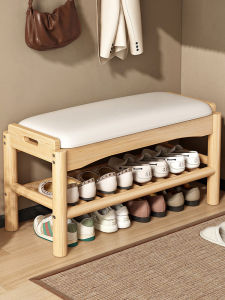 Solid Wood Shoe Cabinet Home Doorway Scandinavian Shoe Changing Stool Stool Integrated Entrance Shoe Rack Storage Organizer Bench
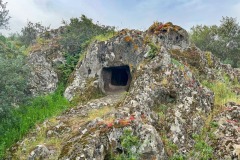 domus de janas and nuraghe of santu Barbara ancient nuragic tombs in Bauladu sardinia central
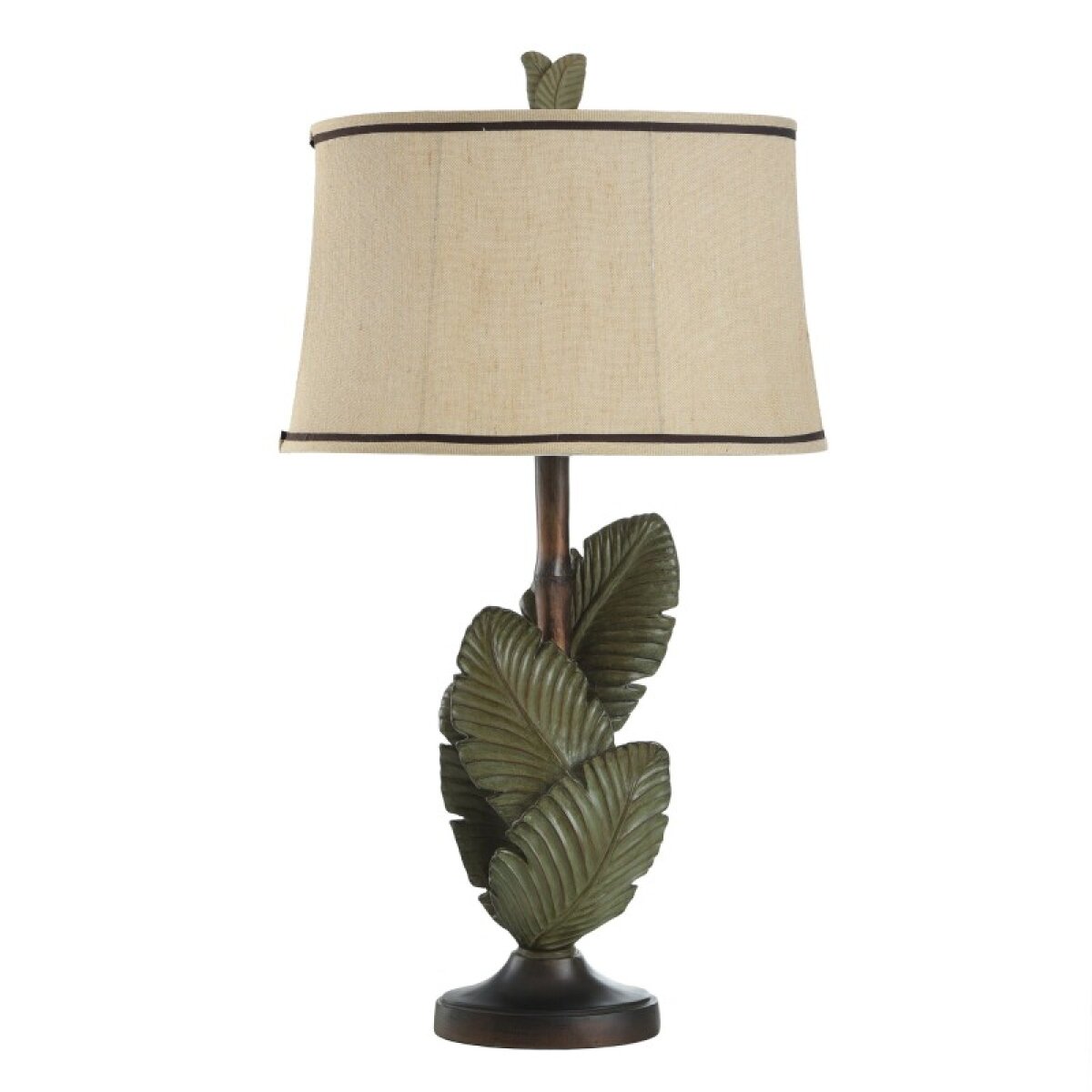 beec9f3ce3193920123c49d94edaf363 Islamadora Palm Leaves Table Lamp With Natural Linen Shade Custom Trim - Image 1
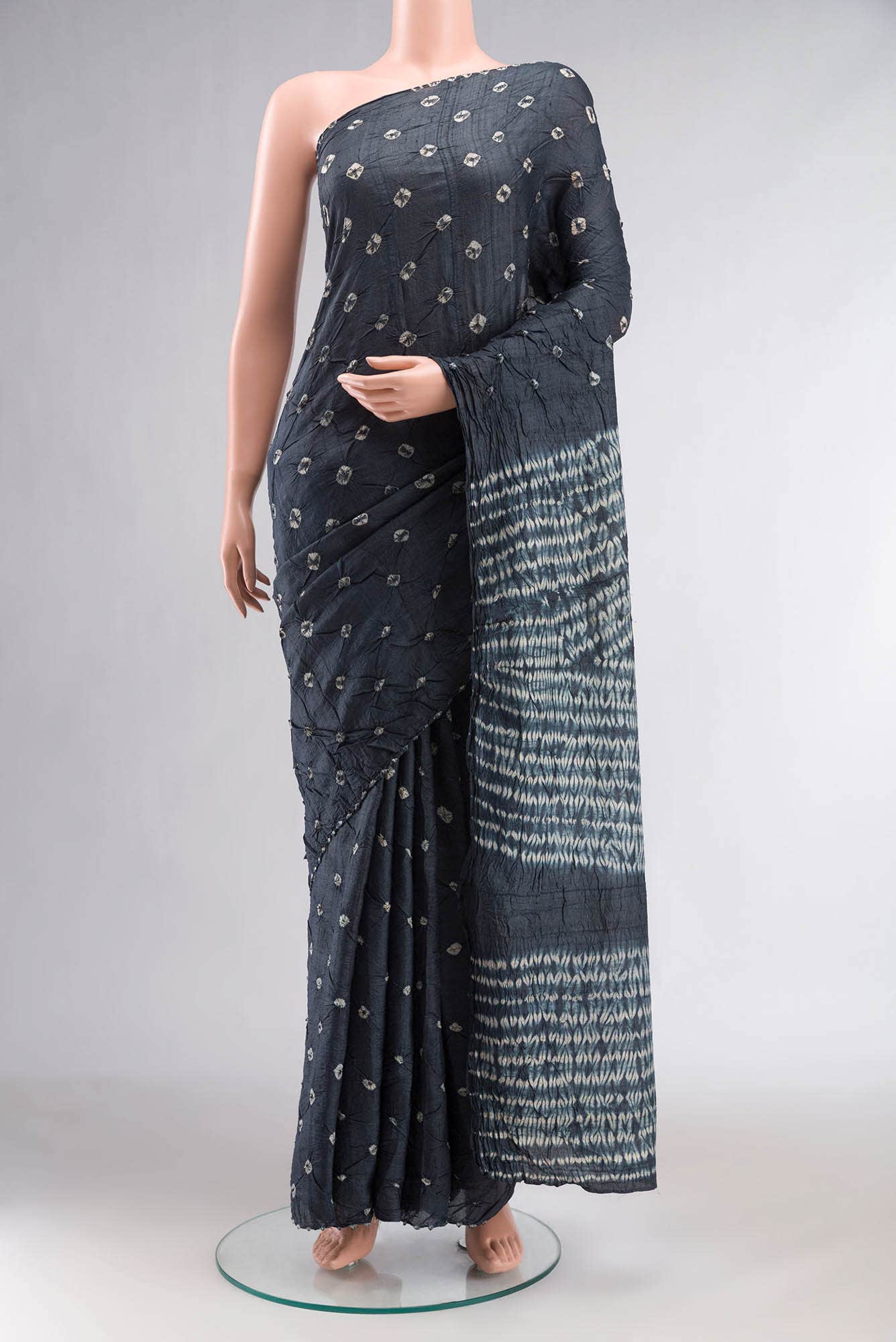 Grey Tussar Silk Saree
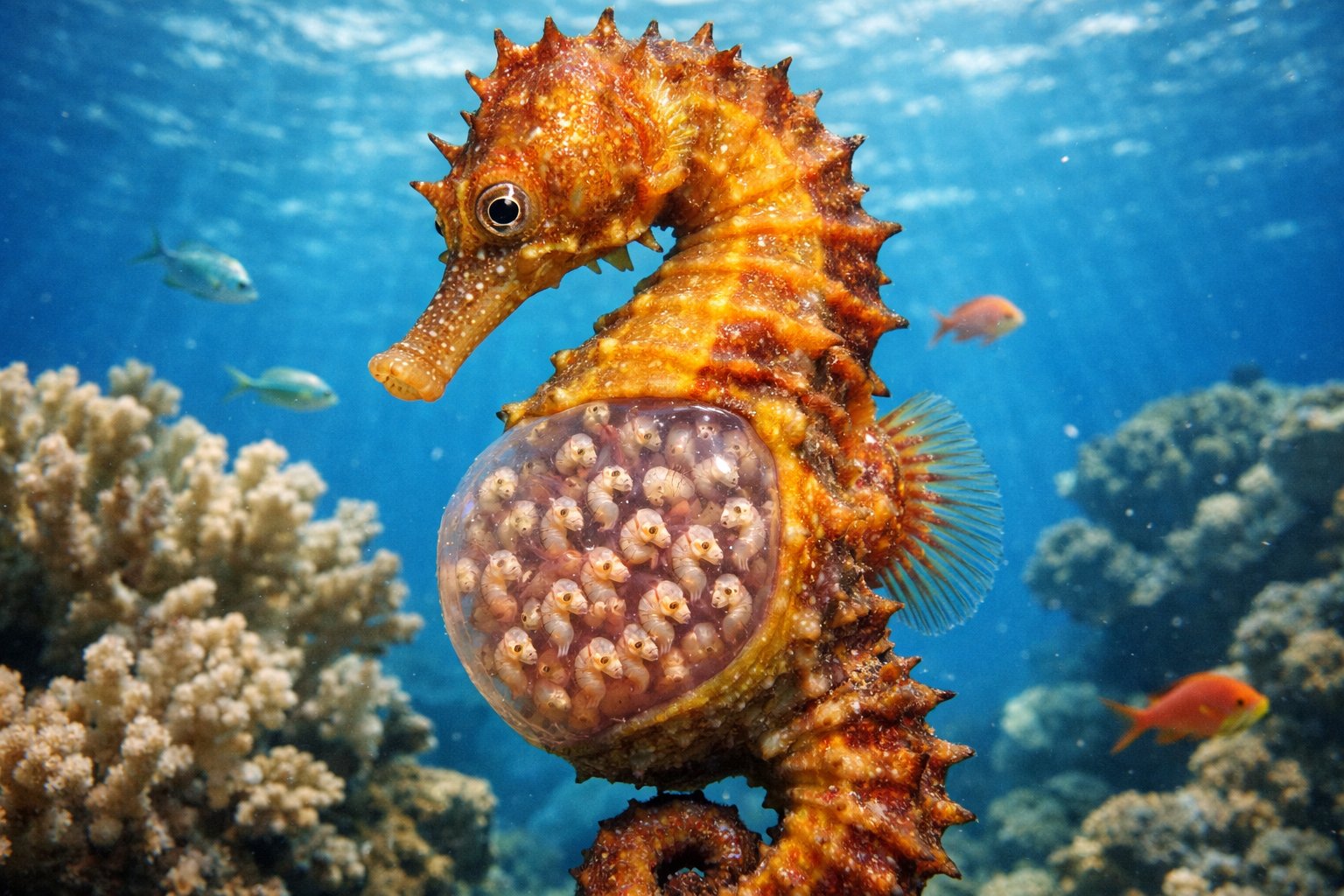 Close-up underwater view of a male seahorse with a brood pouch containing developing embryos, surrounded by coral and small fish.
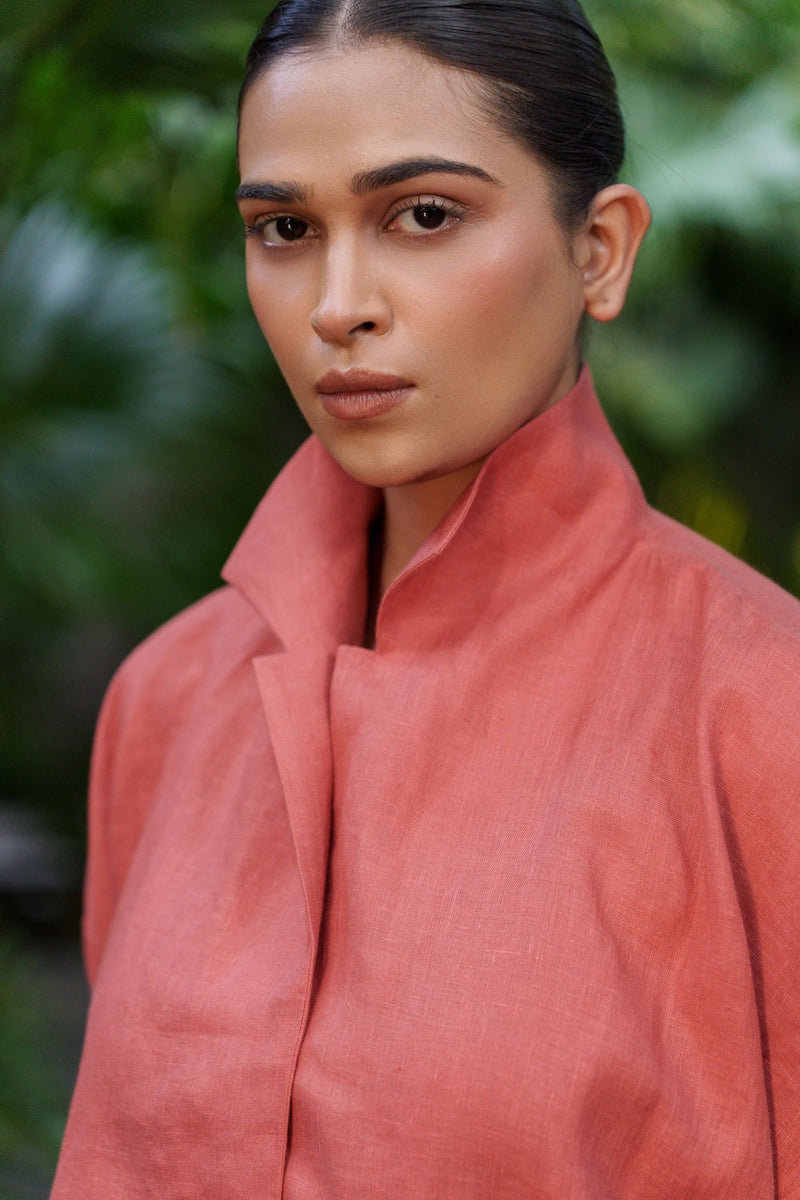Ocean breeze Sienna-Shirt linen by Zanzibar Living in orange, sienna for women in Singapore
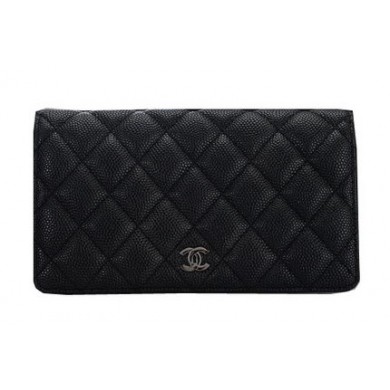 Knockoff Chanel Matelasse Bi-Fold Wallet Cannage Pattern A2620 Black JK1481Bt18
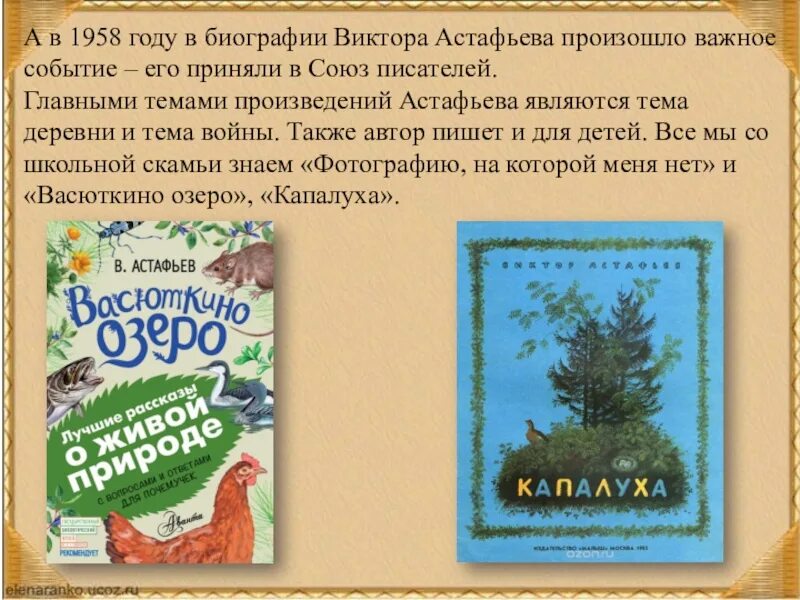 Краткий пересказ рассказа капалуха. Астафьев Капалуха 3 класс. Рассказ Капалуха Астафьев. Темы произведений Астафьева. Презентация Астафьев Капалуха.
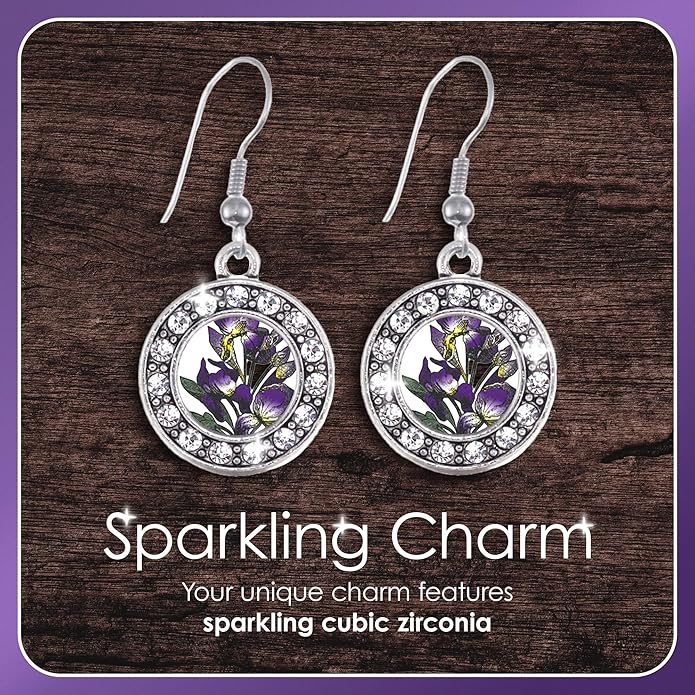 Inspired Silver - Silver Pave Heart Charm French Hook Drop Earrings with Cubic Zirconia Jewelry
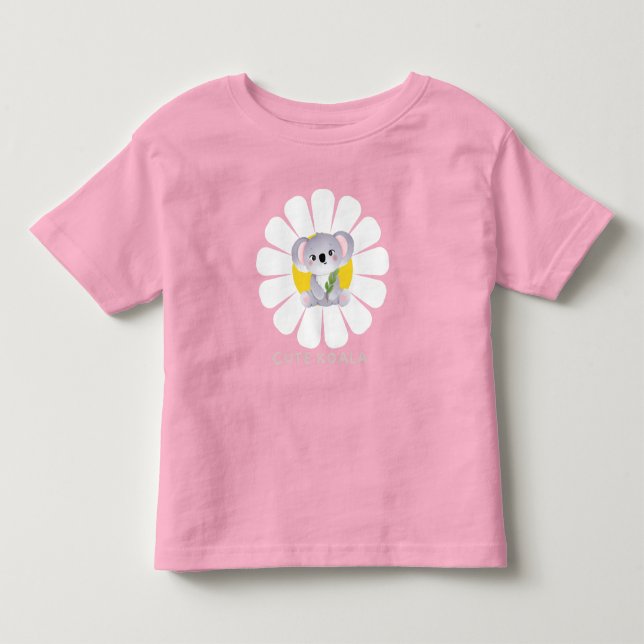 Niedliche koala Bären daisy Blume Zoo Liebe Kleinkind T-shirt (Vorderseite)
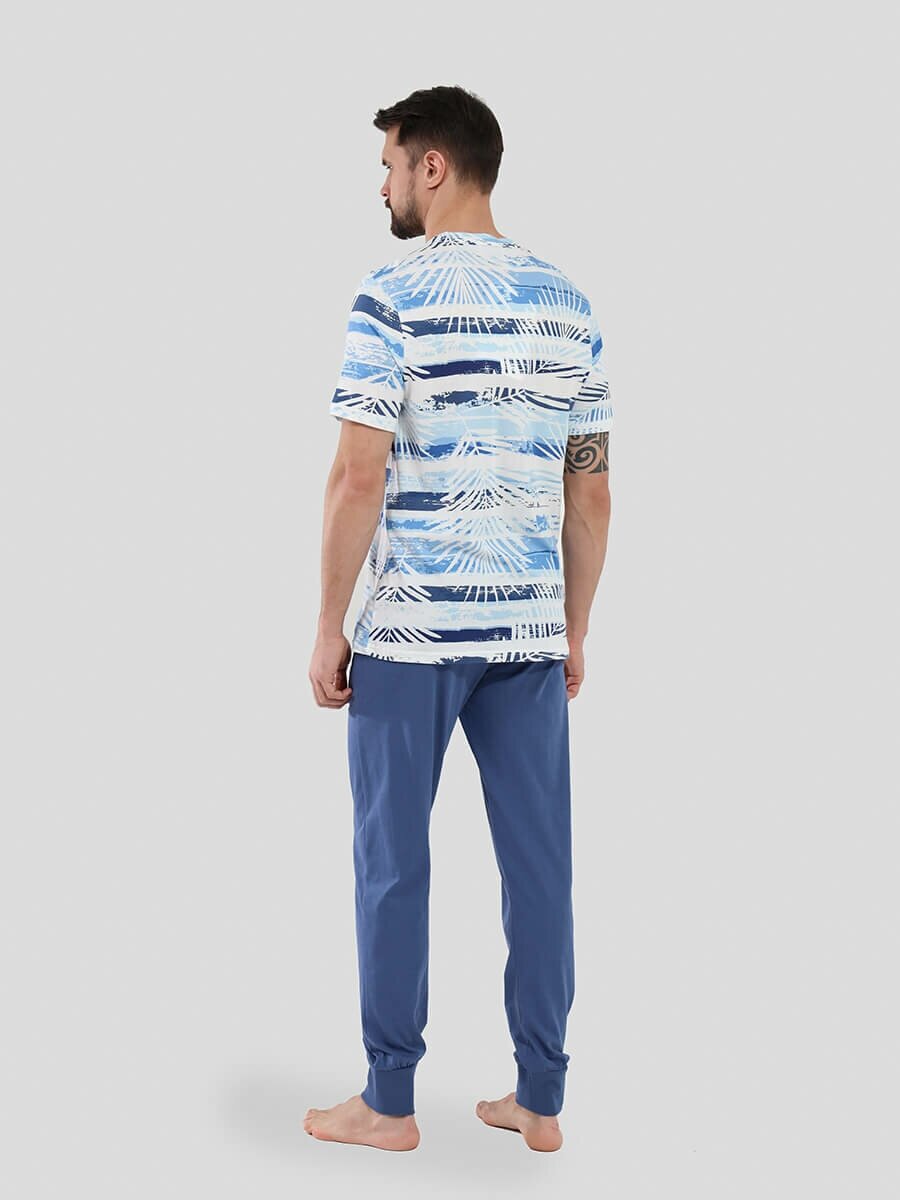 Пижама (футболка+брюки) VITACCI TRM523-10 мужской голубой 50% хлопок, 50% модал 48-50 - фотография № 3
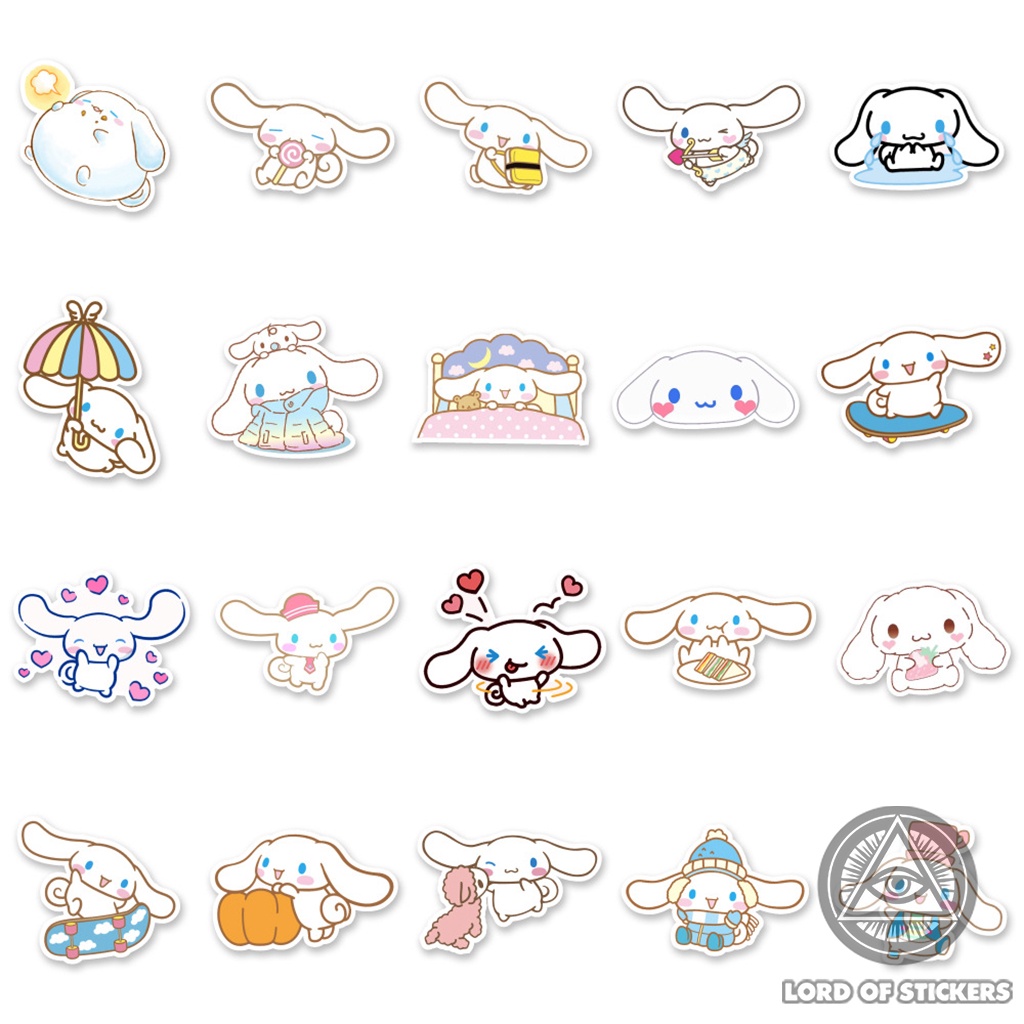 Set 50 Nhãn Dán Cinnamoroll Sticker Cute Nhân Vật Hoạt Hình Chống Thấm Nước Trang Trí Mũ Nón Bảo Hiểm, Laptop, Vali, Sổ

WHAT THE EXERCISE ASKS
All that is required is the lines from the line containing "Ocean breeze Sienna-Shirt" through the end of the records above, copied exactly, and none of the pictures.

TASK ANSWER
Ocean breeze Sienna-Shirt linen by Zanzibar Living in orange, sienna for women in Singapore
 Knockoff Chanel Matelasse Bi-Fold Wallet Cannage Pattern A2620 Black JK1481Bt18
 Краткий пересказ рассказа капалуха. Астафьев Капалуха 3 класс. Рассказ Капалуха Астафьев. Темы произведений Астафьева. Презентация Астафьев Капалуха.
 Inspired Silver - Silver Pave Heart Charm French Hook Drop Earrings with Cubic Zirconia Jewelry
 Niedliche koala Bären daisy Blume Zoo Liebe Kleinkind T-shirt (Vorderseite)
 Пижама (футболка+брюки) VITACCI TRM523-10 мужской голубой 50% хлопок, 50% модал 48-50 - фотография № 3
 Set 50 Nhãn Dán Cinnamoroll Sticker Cute Nhân Vật Hoạt Hình Chống Thấm Nước Trang Trí Mũ Nón Bảo Hiểm, Laptop, Vali, Sổ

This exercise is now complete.